== RECORDS SUPPLIED ==

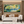 Sunlit Willow Lake Panoramic Wall Art styled interior scene 2 | OILDECO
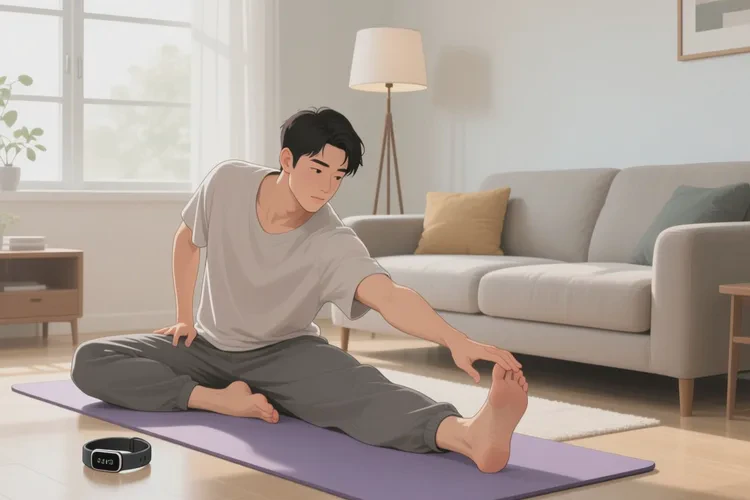 29岁晚上血糖5点2是怎么回事(图3)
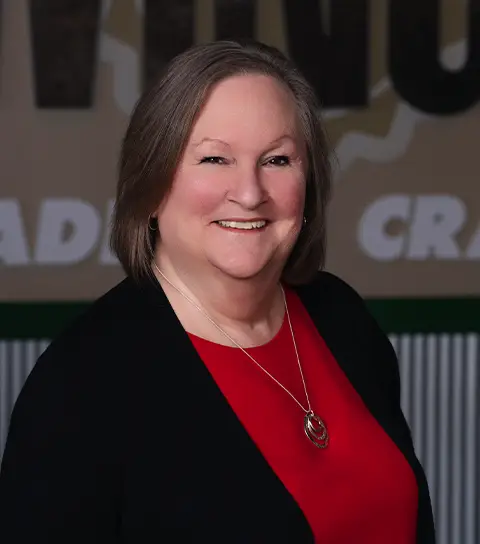 Nancy Facarazzo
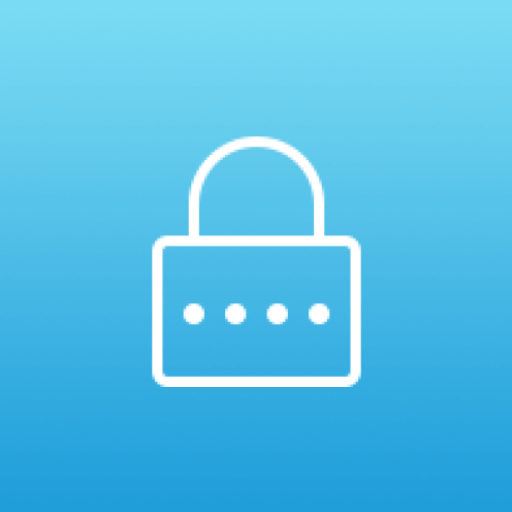 Xproguard Password Manager v1.4.4 APK (Full Version)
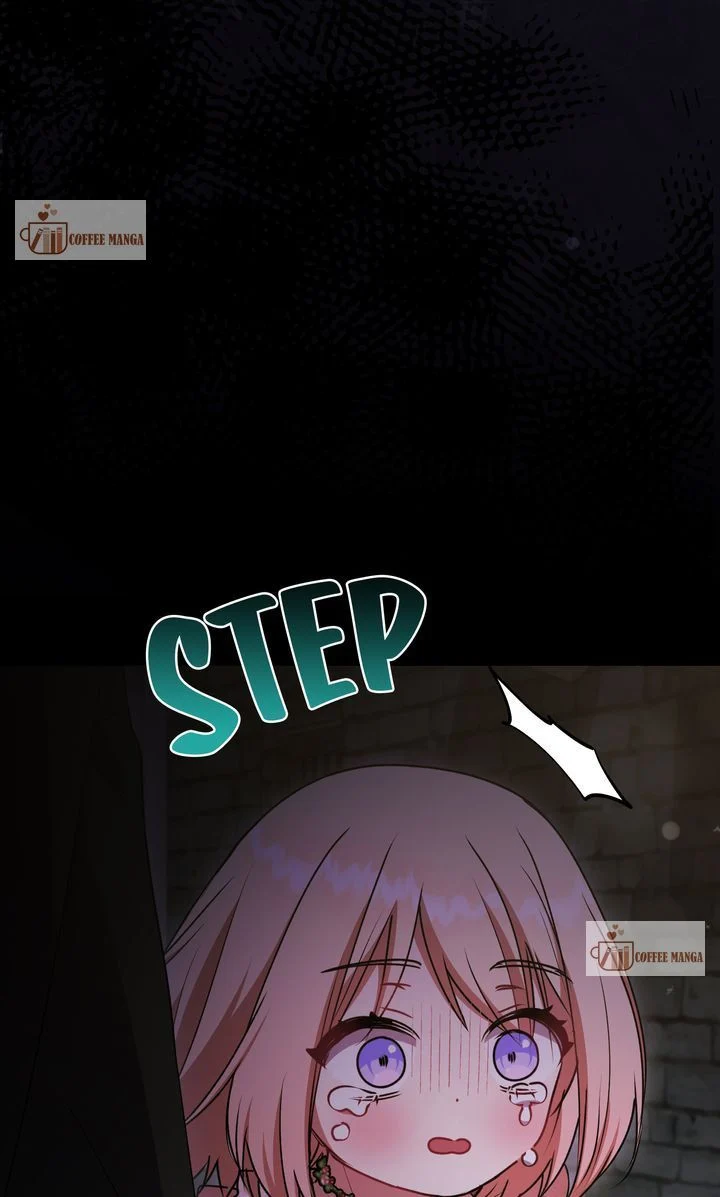 You Are So Cute Chapter 45 - Page 16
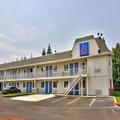 Photo of Motel 6 Sacramento, CA - South Sacramento & Elk Grove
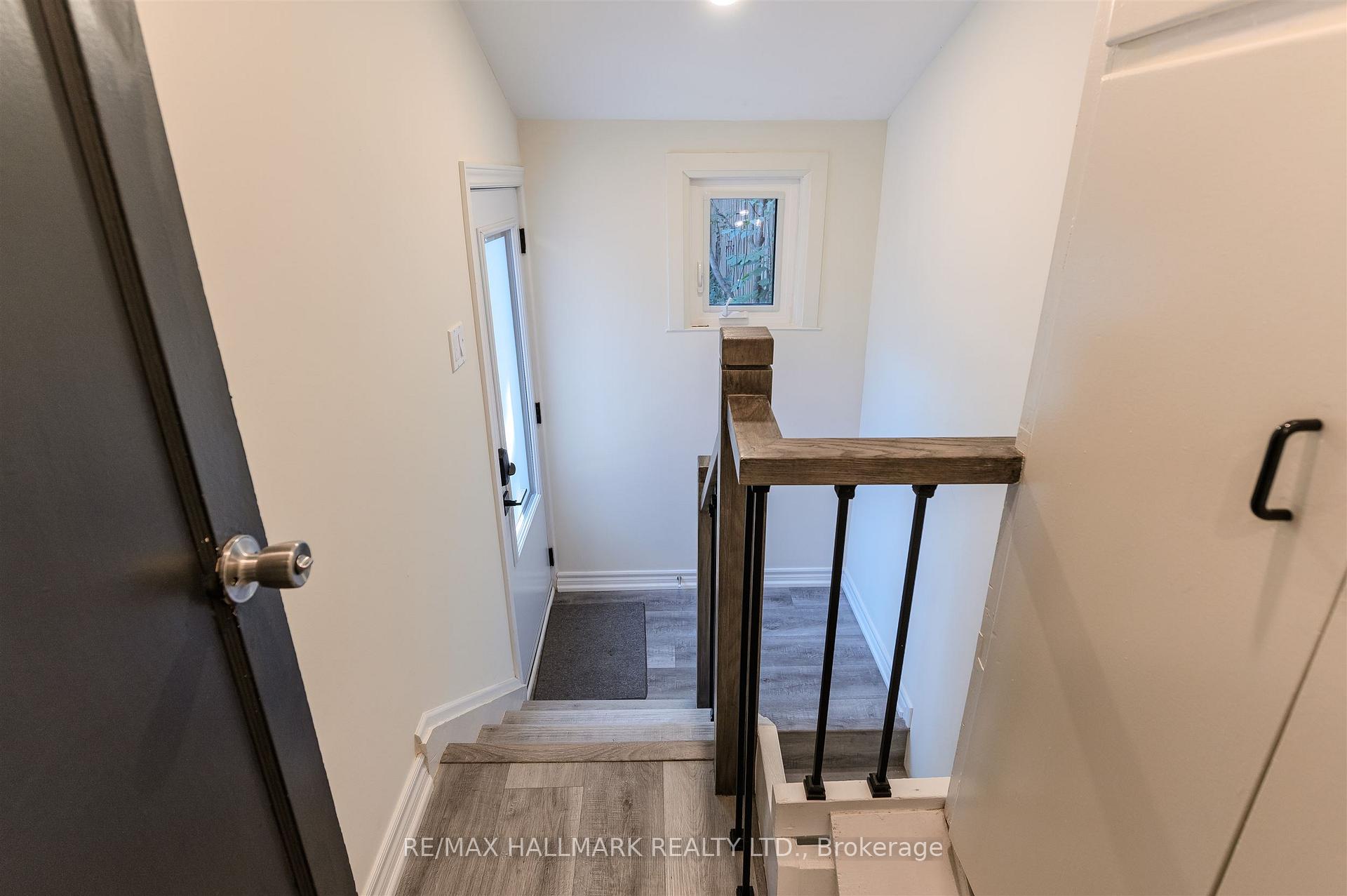 Photo 75 of 109 Douglas Avenue, Toronto, Lawrence Park North — HOMEH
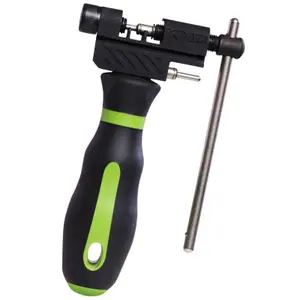 Dérive-chaîne KMC image-0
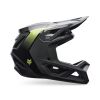 Cyklo přilba Fox Rampage Vault, Ce/Cpsc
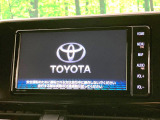 C-HR 1.2 G-T モード ネロ 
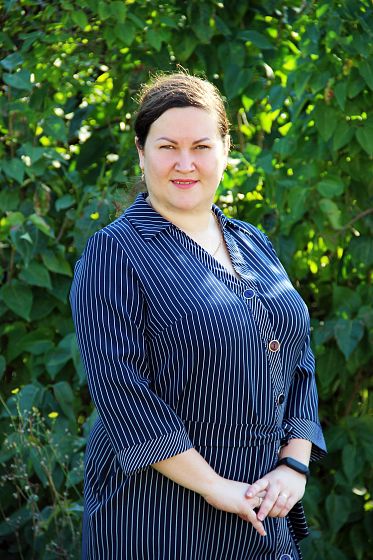 Глазкова Ирина Глазкова Ирина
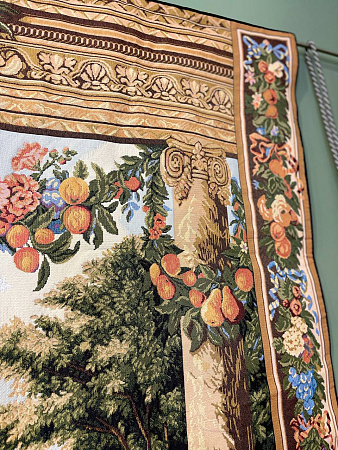 Королевская охота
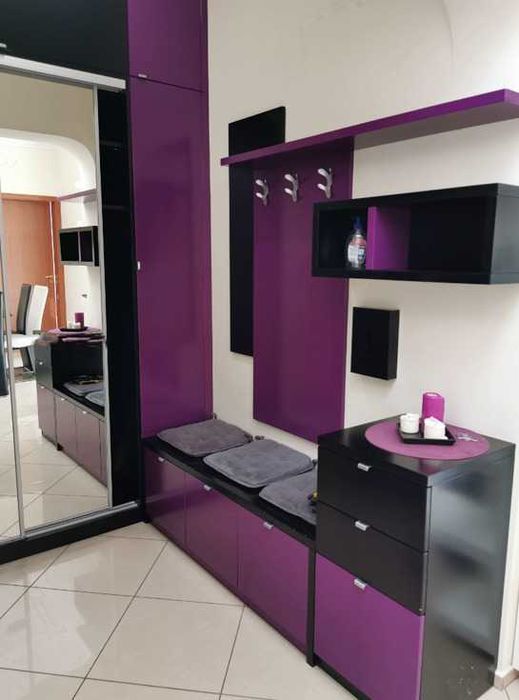 Продава се Тристаен апартамент в София, Овча купел - 100 кв.м за 663 €/кв.м - Снимка #2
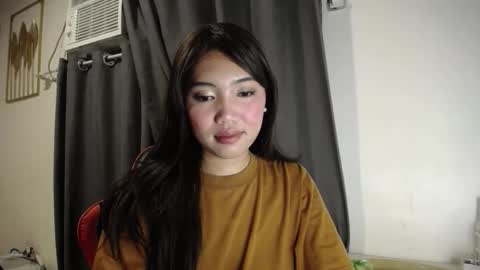 Elle online show from November 27, 7:27 pm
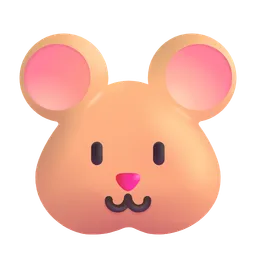 hamster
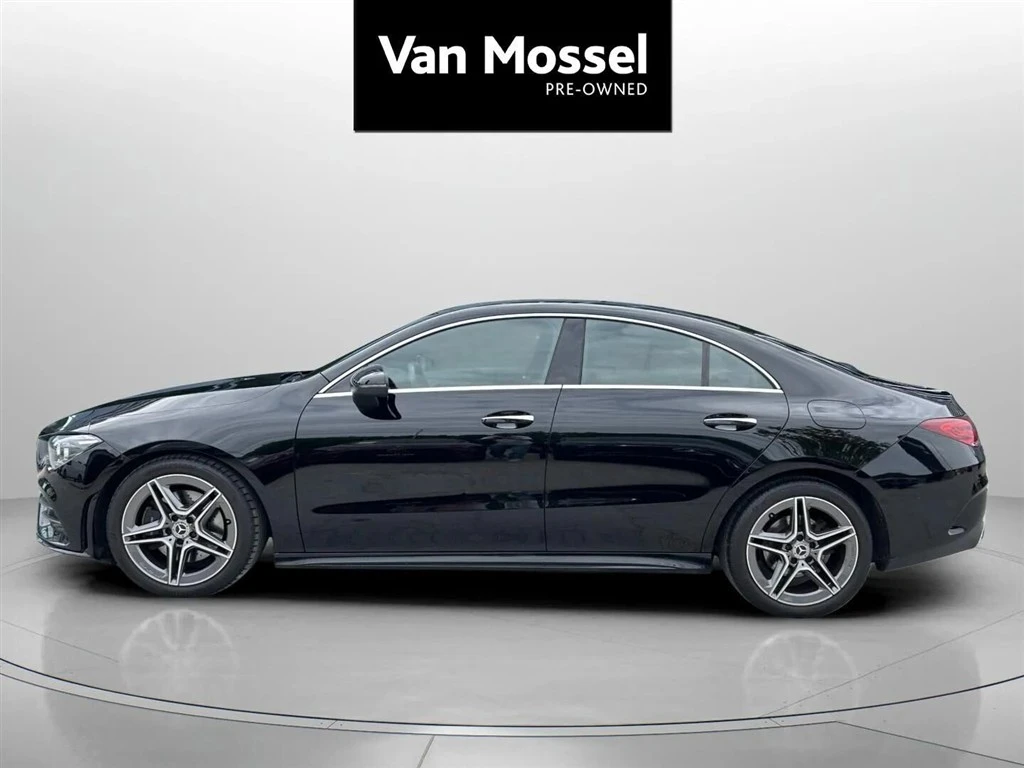 Mercedes-Benz-CLA-image-7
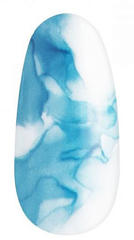 Marble Drops №7 5 мл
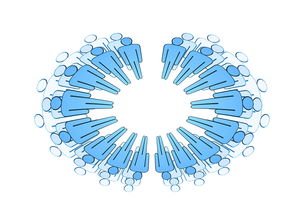 五区纪念币当前行情怎么样？一文梳理最新市场表现与收藏建议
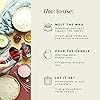 Product Photo 7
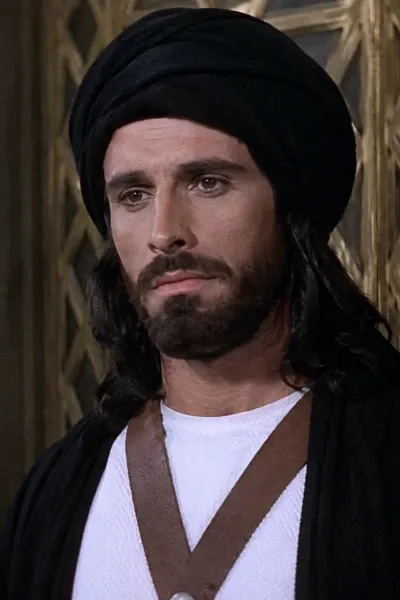 Ibrahim ibn Malik al-Ashtar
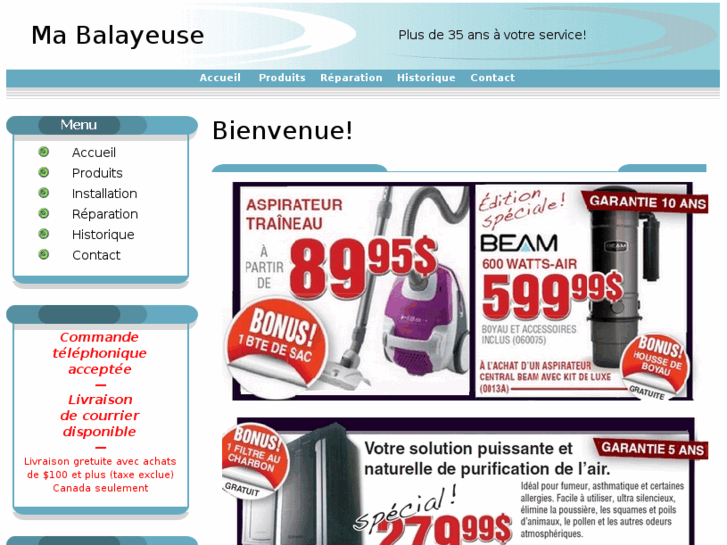 www.mabalayeuse.com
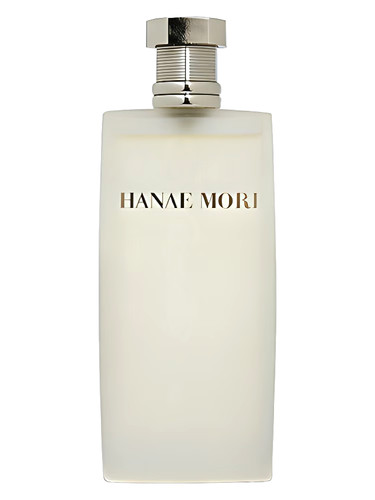 Hanae - hm,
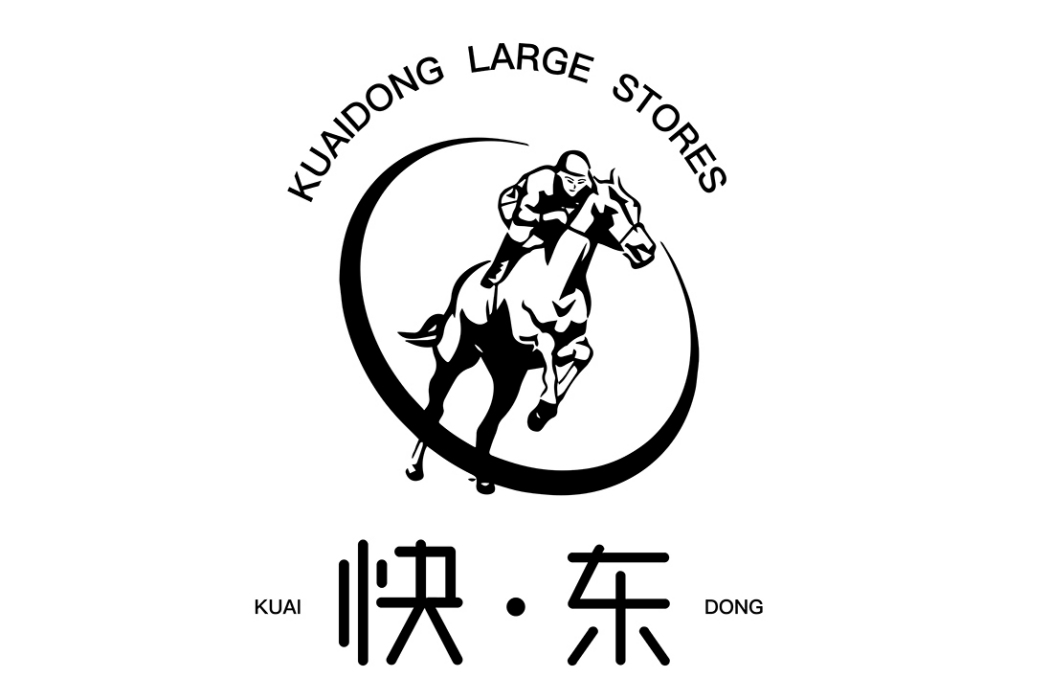 快東 快東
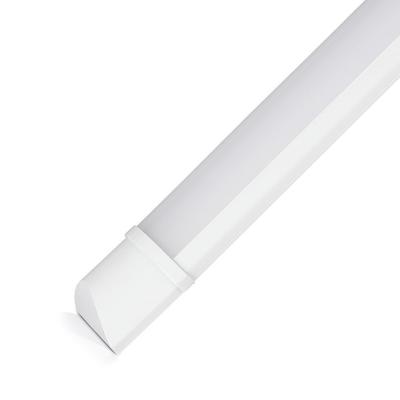 Светильник V-TAC LED 20W, SKU-663, Grill Fitting, 600mm, 230V, 4000К (3800157632188)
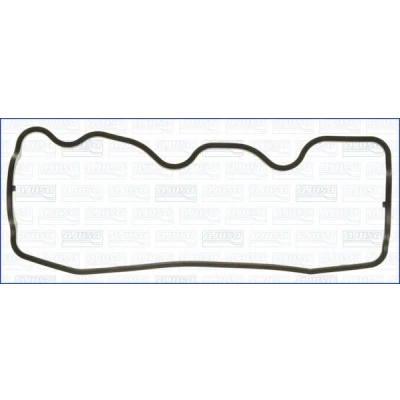 Billede af AJUSA 11048700 Toppdekselpakning HYUNDAI: GALLOPER 2, MITSUBISHI: PAJERO 2
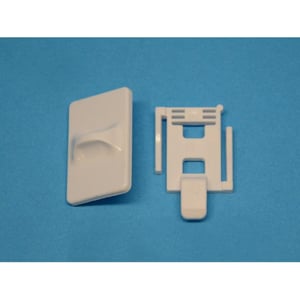 latch-gorenje-579377.460105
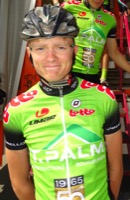 Thomas ARMSTRONG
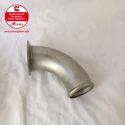 c38b75f06530a35b100fe0587f65e3a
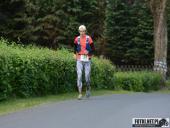 2018.05.11-12 - ULTRA CROSS GWiNT 2018 - część 5/6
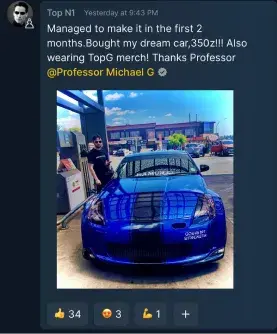 Scroll Testimonial 3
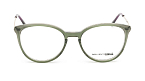 Оправы -  William Morris London 50336 9625 51/17 (+) - 0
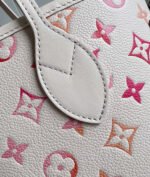 Neverfull MM - 图片 3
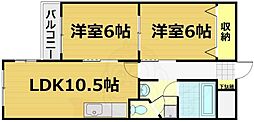 京都市下京区柿本町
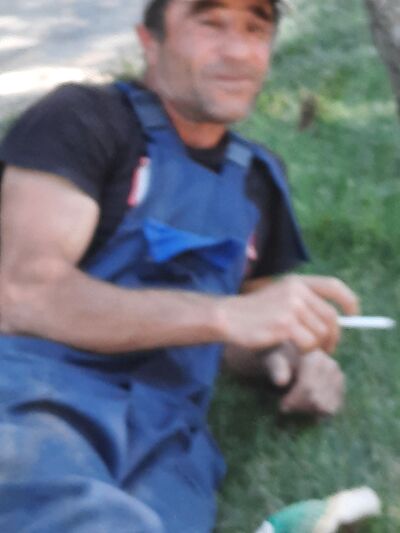  ,   , 55 ,   ,   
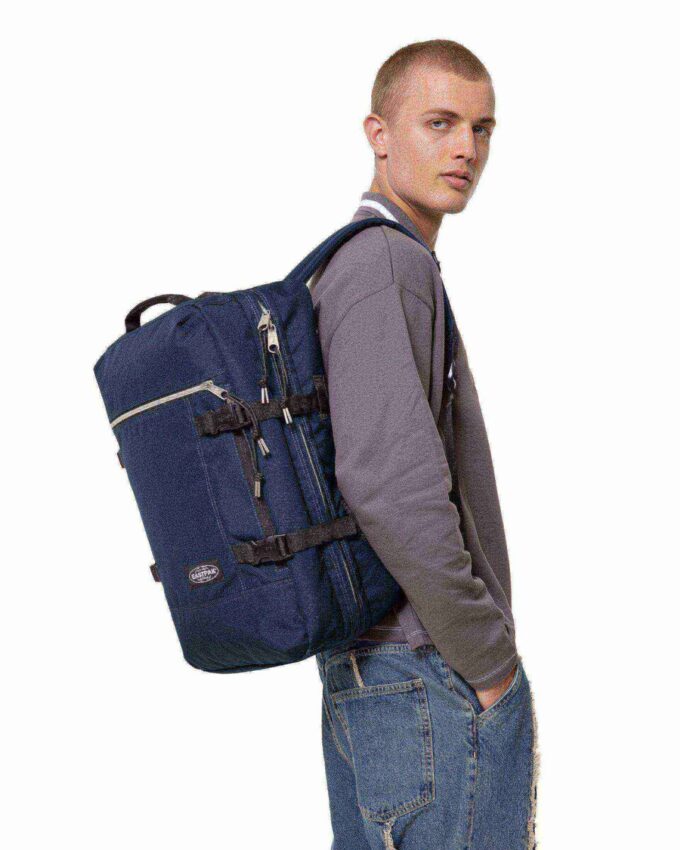 TRAVELPACK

== PROBLEM ==
Restate word for word the lines from the one holding "Xproguard Password Manager" down through the last line of the records above, and do not include the pictures.

== ANSWER TO THE PROBLEM ==
 Xproguard Password Manager v1.4.4 APK (Full Version)
 You Are So Cute Chapter 45 - Page 16
 Photo of Motel 6 Sacramento, CA - South Sacramento & Elk Grove
 Photo 75 of 109 Douglas Avenue, Toronto, Lawrence Park North — HOMEH
 Dérive-chaîne KMC image-0
 Cyklo přilba Fox Rampage Vault, Ce/Cpsc
 C-HR 1.2 G-T モード ネロ 
 Глазкова Ирина Глазкова Ирина
 Королевская охота
 Продава се Тристаен апартамент в София, Овча купел - 100 кв.м за 663 €/кв.м - Снимка #2
 Elle online show from November 27, 7:27 pm
 hamster
 Mercedes-Benz-CLA-image-7
 Marble Drops №7 5 мл
 五区纪念币当前行情怎么样？一文梳理最新市场表现与收藏建议
 Product Photo 7
 Ibrahim ibn Malik al-Ashtar
 www.mabalayeuse.com
 Hanae - hm,
 快東 快東
 Светильник V-TAC LED 20W, SKU-663, Grill Fitting, 600mm, 230V, 4000К (3800157632188)
 Billede af AJUSA 11048700 Toppdekselpakning HYUNDAI: GALLOPER 2, MITSUBISHI: PAJERO 2
 latch-gorenje-579377.460105
 Thomas ARMSTRONG
 c38b75f06530a35b100fe0587f65e3a
 2018.05.11-12 - ULTRA CROSS GWiNT 2018 - część 5/6
 Scroll Testimonial 3
 Оправы -  William Morris London 50336 9625 51/17 (+) - 0
 Neverfull MM - 图片 3
 京都市下京区柿本町
  ,   , 55 ,   ,   
 TRAVELPACK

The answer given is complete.